I was THIS close to taking my daughter by her shoulders and shaking her in front of other people yesterday. Hard.

Not to mention the urge to yell in her face and smash her tiny cello to the floor.

All because she wouldn’t behave as I would have liked her to.

We were both tired. I had asked to attend the afternoon group cello class in place of her usual individual lesson so that I could take her to watch ‘The Gruffalo’ that morning.

Based on experience, I already knew that it was not a wise decision given that she would refuse to nap before the class and that the 45-minute group session would be a test of limits for a 3 year-old, compared to her usual 20-minute solo class.

I didn’t shake her, of course. Nor scream and smash a cello. I couldn’t. Not while in class. Definitely not within the privacy of home either.

Instead, I calmly took her out of the room, summoned up every ounce of patience from within, held back harsh words and quietly told her that if she was not ready for class, we could leave right now.

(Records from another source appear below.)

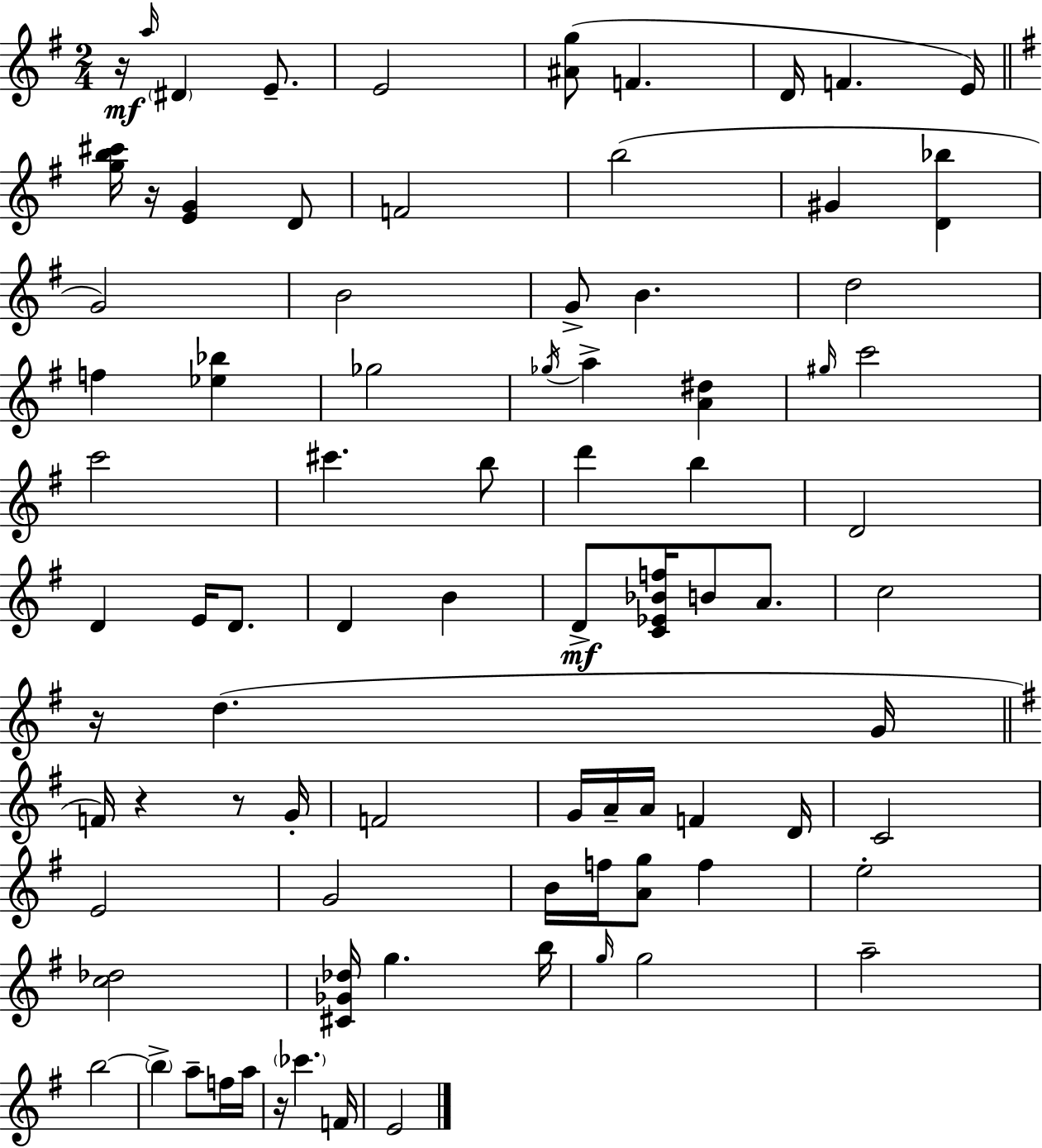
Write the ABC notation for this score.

X:1
T:Untitled
M:2/4
L:1/4
K:Em
z/4 a/4 ^D E/2 E2 [^Ag]/2 F D/4 F E/4 [gb^c']/4 z/4 [EG] D/2 F2 b2 ^G [D_b] G2 B2 G/2 B d2 f [_e_b] _g2 _g/4 a [A^d] ^g/4 c'2 c'2 ^c' b/2 d' b D2 D E/4 D/2 D B D/2 [C_E_Bf]/4 B/2 A/2 c2 z/4 d G/4 F/4 z z/2 G/4 F2 G/4 A/4 A/4 F D/4 C2 E2 G2 B/4 f/4 [Ag]/2 f e2 [c_d]2 [^C_G_d]/4 g b/4 g/4 g2 a2 b2 b a/2 f/4 a/4 z/4 _c' F/4 E2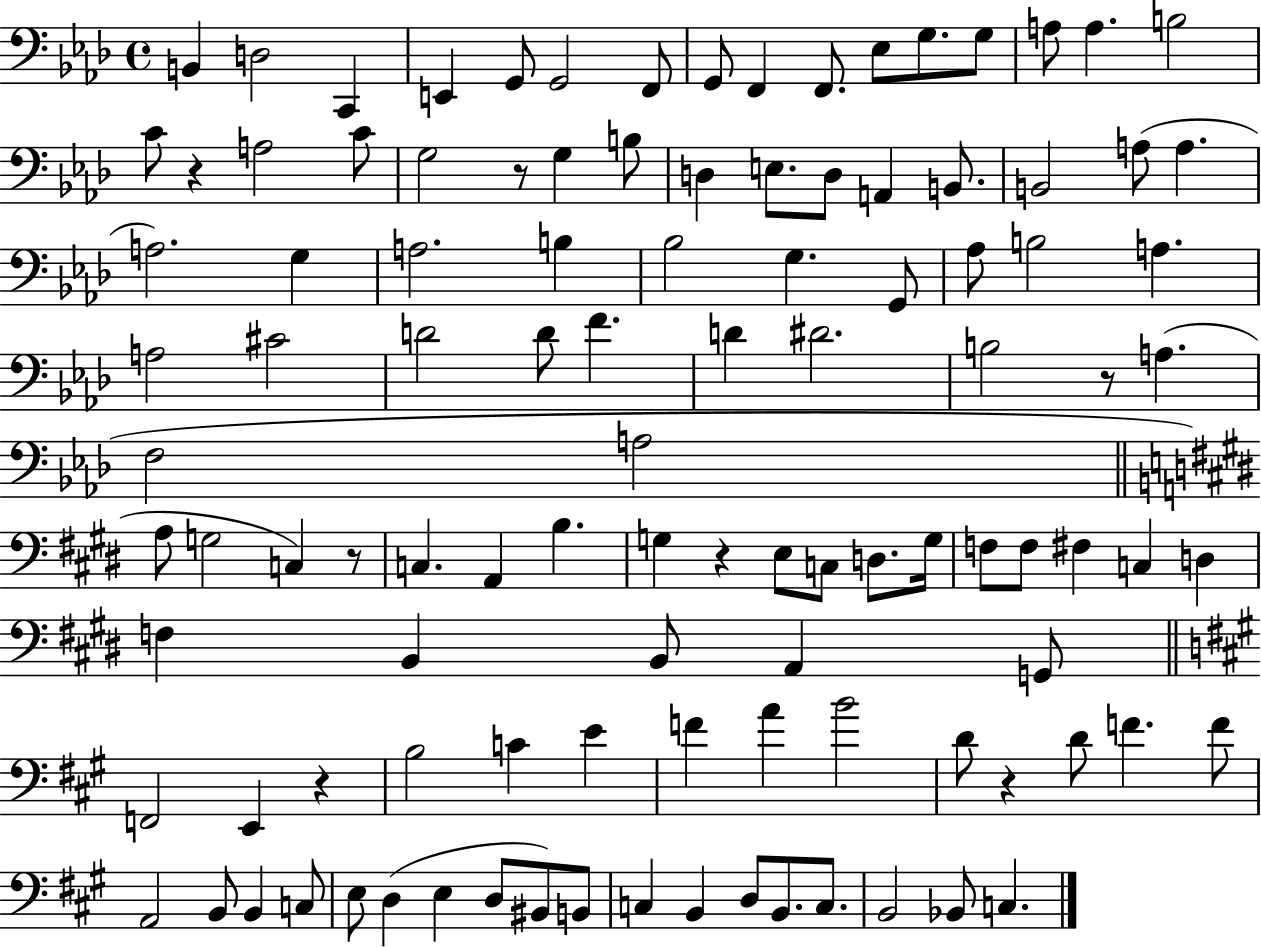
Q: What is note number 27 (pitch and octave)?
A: B2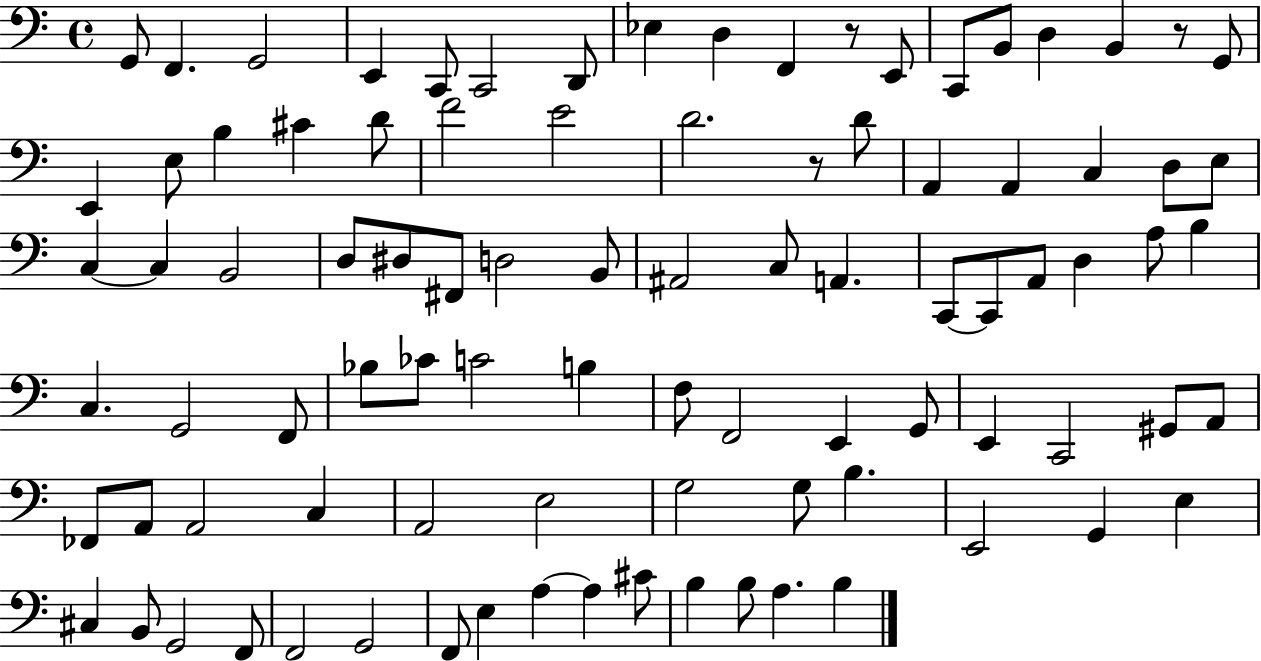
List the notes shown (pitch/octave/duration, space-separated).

G2/e F2/q. G2/h E2/q C2/e C2/h D2/e Eb3/q D3/q F2/q R/e E2/e C2/e B2/e D3/q B2/q R/e G2/e E2/q E3/e B3/q C#4/q D4/e F4/h E4/h D4/h. R/e D4/e A2/q A2/q C3/q D3/e E3/e C3/q C3/q B2/h D3/e D#3/e F#2/e D3/h B2/e A#2/h C3/e A2/q. C2/e C2/e A2/e D3/q A3/e B3/q C3/q. G2/h F2/e Bb3/e CES4/e C4/h B3/q F3/e F2/h E2/q G2/e E2/q C2/h G#2/e A2/e FES2/e A2/e A2/h C3/q A2/h E3/h G3/h G3/e B3/q. E2/h G2/q E3/q C#3/q B2/e G2/h F2/e F2/h G2/h F2/e E3/q A3/q A3/q C#4/e B3/q B3/e A3/q. B3/q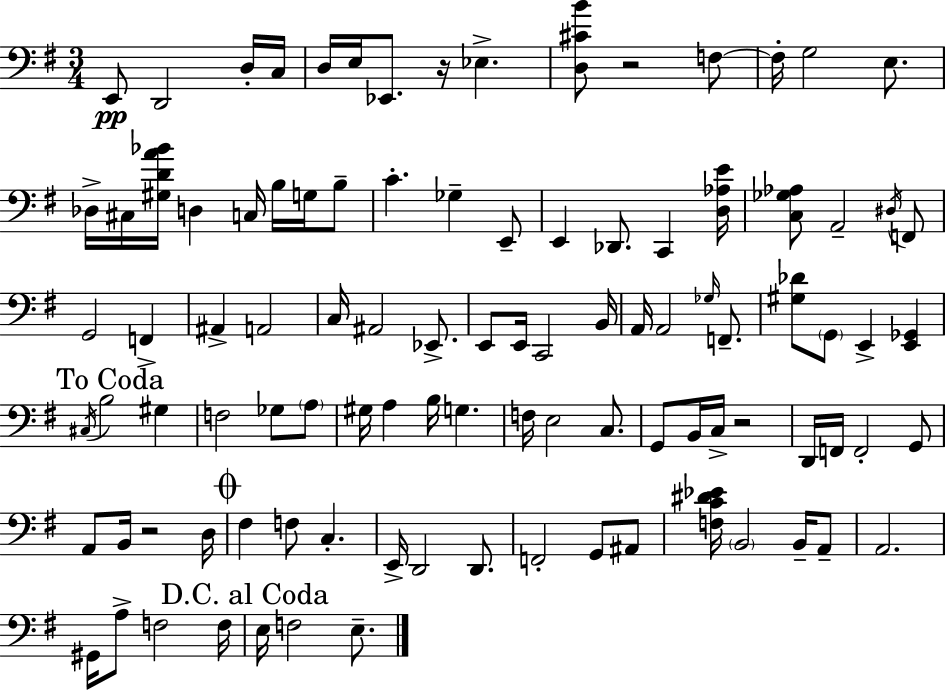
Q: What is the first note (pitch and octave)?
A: E2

Her chin quivered. Two piteous wails emerged. She mewed, “No, I’m ready for class.” I pleaded with her to please listen to the teacher and escorted a contrite little figure back into the room to continue with the lesson, her eyes shiny with tears.

I must have looked really beaten, for after the class, the teacher walked over and gently comforted me, telling me that Coco was doing fine, that the other girls were older, and to focus on the positive things that she did right. I couldn’t quite look her in the eye without feeling like breaking down.

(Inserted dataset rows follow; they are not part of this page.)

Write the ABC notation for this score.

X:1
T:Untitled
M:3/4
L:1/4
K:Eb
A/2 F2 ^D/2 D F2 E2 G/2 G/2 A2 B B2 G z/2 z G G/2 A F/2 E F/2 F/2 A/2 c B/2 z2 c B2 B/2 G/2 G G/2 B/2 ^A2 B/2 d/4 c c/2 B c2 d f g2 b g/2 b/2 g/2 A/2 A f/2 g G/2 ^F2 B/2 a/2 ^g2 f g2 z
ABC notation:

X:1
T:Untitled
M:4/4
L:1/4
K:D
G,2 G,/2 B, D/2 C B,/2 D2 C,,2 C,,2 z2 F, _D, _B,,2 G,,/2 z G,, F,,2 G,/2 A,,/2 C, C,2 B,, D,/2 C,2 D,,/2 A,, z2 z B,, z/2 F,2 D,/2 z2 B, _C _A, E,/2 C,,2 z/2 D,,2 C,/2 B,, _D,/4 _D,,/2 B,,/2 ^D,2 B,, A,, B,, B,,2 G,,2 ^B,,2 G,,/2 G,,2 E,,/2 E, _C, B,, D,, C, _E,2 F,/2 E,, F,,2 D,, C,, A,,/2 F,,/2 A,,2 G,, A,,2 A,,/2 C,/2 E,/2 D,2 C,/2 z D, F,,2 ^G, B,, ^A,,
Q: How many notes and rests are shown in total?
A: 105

I managed to keep it together till we got to the car. But the mix of emotions churning over inside needed an outlet and in the backseat, out of sight of my daughter while she chatted cheerfully in front with her dad, my eyes released big fat tears of pent-up frustration, fatigue, regret (for snuffing out a 3 year-old’s natural enthusiasm for cheeky antics) and shame (for the urge to go ballistic on a child – and a cello.)

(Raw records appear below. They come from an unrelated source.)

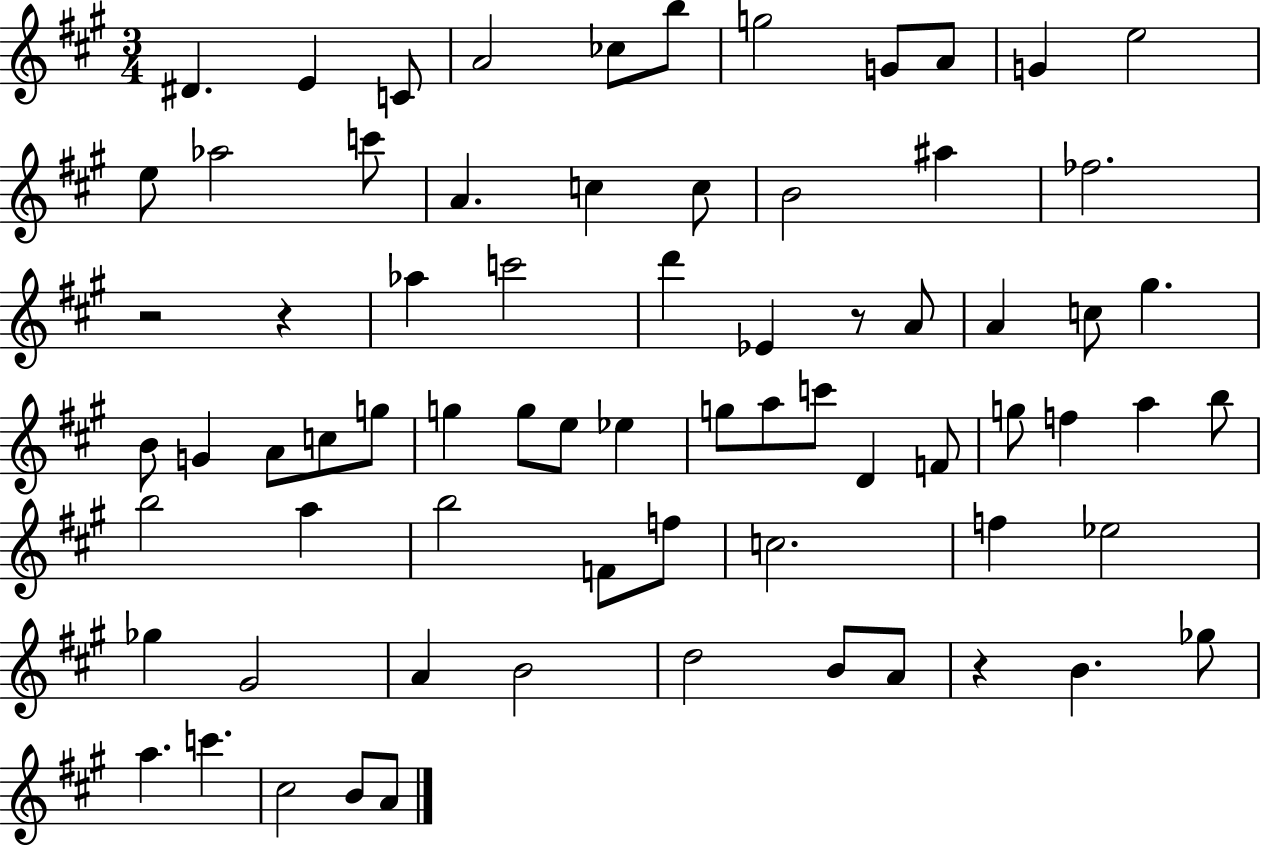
D#4/q. E4/q C4/e A4/h CES5/e B5/e G5/h G4/e A4/e G4/q E5/h E5/e Ab5/h C6/e A4/q. C5/q C5/e B4/h A#5/q FES5/h. R/h R/q Ab5/q C6/h D6/q Eb4/q R/e A4/e A4/q C5/e G#5/q. B4/e G4/q A4/e C5/e G5/e G5/q G5/e E5/e Eb5/q G5/e A5/e C6/e D4/q F4/e G5/e F5/q A5/q B5/e B5/h A5/q B5/h F4/e F5/e C5/h. F5/q Eb5/h Gb5/q G#4/h A4/q B4/h D5/h B4/e A4/e R/q B4/q. Gb5/e A5/q. C6/q. C#5/h B4/e A4/e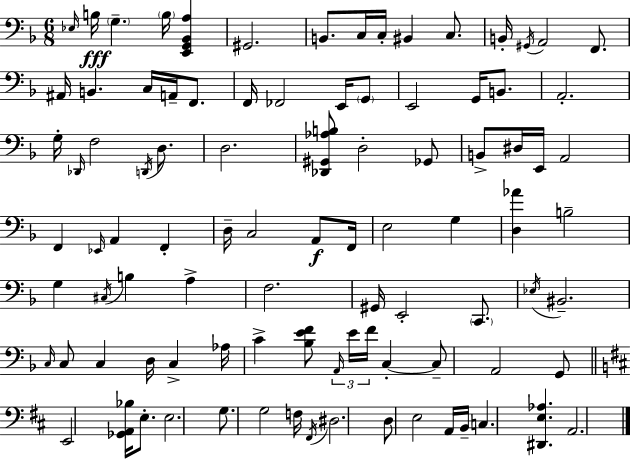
Eb3/s B3/s G3/q. B3/s [E2,G2,Bb2,A3]/q G#2/h. B2/e. C3/s C3/s BIS2/q C3/e. B2/s G#2/s A2/h F2/e. A#2/s B2/q. C3/s A2/s F2/e. F2/s FES2/h E2/s G2/e E2/h G2/s B2/e. A2/h. G3/s Db2/s F3/h D2/s D3/e. D3/h. [Db2,G#2,Ab3,B3]/e D3/h Gb2/e B2/e D#3/s E2/s A2/h F2/q Eb2/s A2/q F2/q D3/s C3/h A2/e F2/s E3/h G3/q [D3,Ab4]/q B3/h G3/q C#3/s B3/q A3/q F3/h. G#2/s E2/h C2/e. Eb3/s BIS2/h. C3/s C3/e C3/q D3/s C3/q Ab3/s C4/q [Bb3,E4,F4]/e A2/s E4/s F4/s C3/q C3/e A2/h G2/e E2/h [Gb2,A2,Bb3]/s E3/e. E3/h. G3/e. G3/h F3/s F#2/s D#3/h. D3/e E3/h A2/s B2/s C3/q. [D#2,E3,Ab3]/q. A2/h.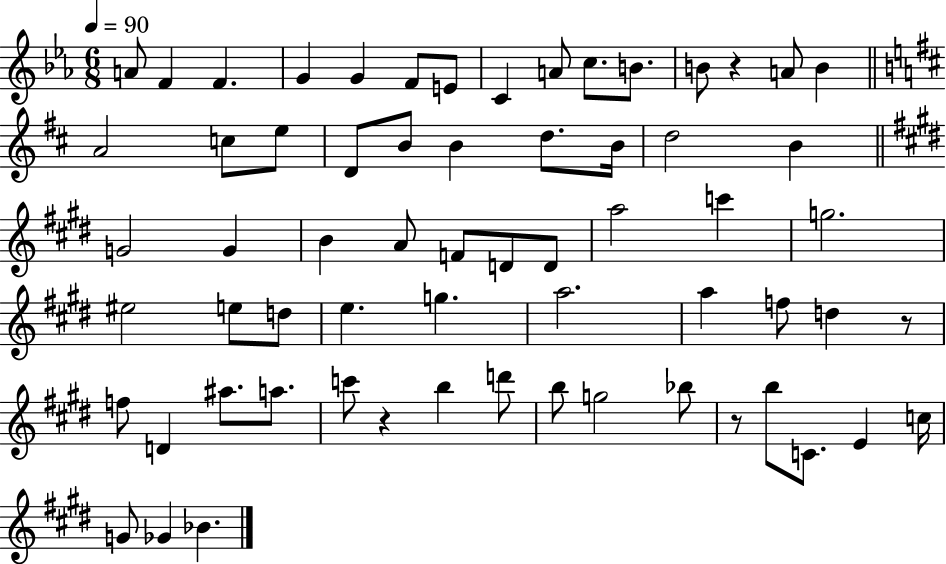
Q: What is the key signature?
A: EES major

My husband turned back, saw the teary mess behind him and reached over to pat my knee. I composed myself before getting out of the car so that Coco wouldn’t see mummy crying and eventually caved in to her pleas of “Talk to me, mummy”, “Play with me, mummy” and “Show me your happy face” – even though I felt far from happy and just wanted to crumple into a heap in bed alone.

Sigh. Tell me that I’m not alone on this rollercoaster ride.

In feeling in control one moment – only to unravel uncontrollably in the next.

In feeling anger at being defied – only to be ashamed for being a bully for uttering threats that reduce a child to tears.

In wanting to wrap myself around that delicate childish frame to protect it from the world – and yet feel like literally shaking its tiny owner into compliance.

How can one little person, no – make that two little people and soon, three – create so much emotional upheaval within a grown-up?

Please, share – how do other mothers out there deal with this yo-yo of emotions?